Many favour organisation as the starting point. A radical new
organisation chart can be drawn and communicated in days and
communicated in weeks. Apparently job done. Not so. The fact is that
organisations are far more persistent than structure charts. Real
change needs something deeper.
There are management consultancies (sorry, but the next bit is true)
which make a healthy living out od advising on "cultural change". It
usually involves a new logo, a reworded vision statement. Its
persistence is not much stronger than a new organisation. Once people
see that the underlying reality is unchanged then the new image wears
off rapidly.
The prognosis for people changing through management training
programmes is not much better. They can rapidly lead to
disillusionment - managers spend a week hearing about the brave new
world but then return to the bleak unchanged reality.
And that is the problem - nothing is fundamentally changing.
The only way to achieve deep lasting change is to change the way the
organisation works. To change the processes. This is so basic to any
living, working organisation that it takes immense time and effort to
do and it has to be done with extreme care. But once done change is
certain and irreversible.
Our strategy had just two parts - empowerment and processes.
We set up a devolved management structure under which goals, and
targets within these goals, were communicated down the organisation
and the erstwhile holders of power - the functional departments such
as finance, personnel and contracts - were turned instead into
service functions who owe their existence only to the quality of the
services they provide.
We introduced a fundamental reform whereby everone's job is
determined only in terms of the projects he/she is currently engaged
on.

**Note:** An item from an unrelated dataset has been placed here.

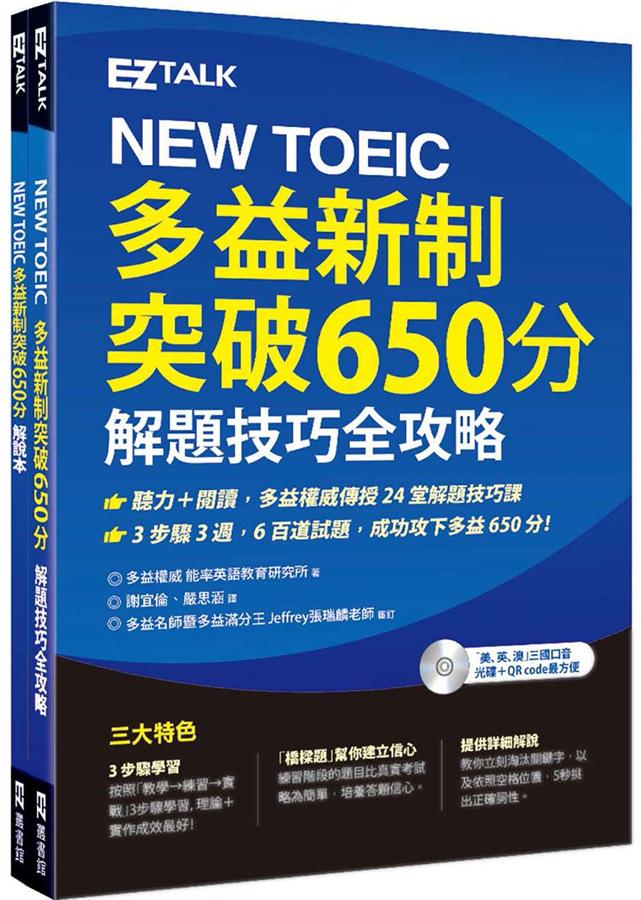多益650分攻略：高效備考技巧與高分祕訣大公開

The project management system busts the rigidities of the old
hierarchial system.
Devolution and empowerment on its own would have beeb a recipe for
chaos. The second and more difficult leg of the strategy must be
there as well - the development of the new processes. The vehicle we
used for our re-engineering was out Total Quality Proces (TQP)
TQP has involved re-examining everything we do in the organisation
starting from the Chief Executives desk and working down. All
processes in which we are involved are examined using a rigorous
input/output method. The senior management of the organisation were
tasked with defining the very top level processes in terms of a
business process diagram, which identified the inputs, outputs,
controls and resources on the processes. We identified that there was
only six key processes to the success of the business.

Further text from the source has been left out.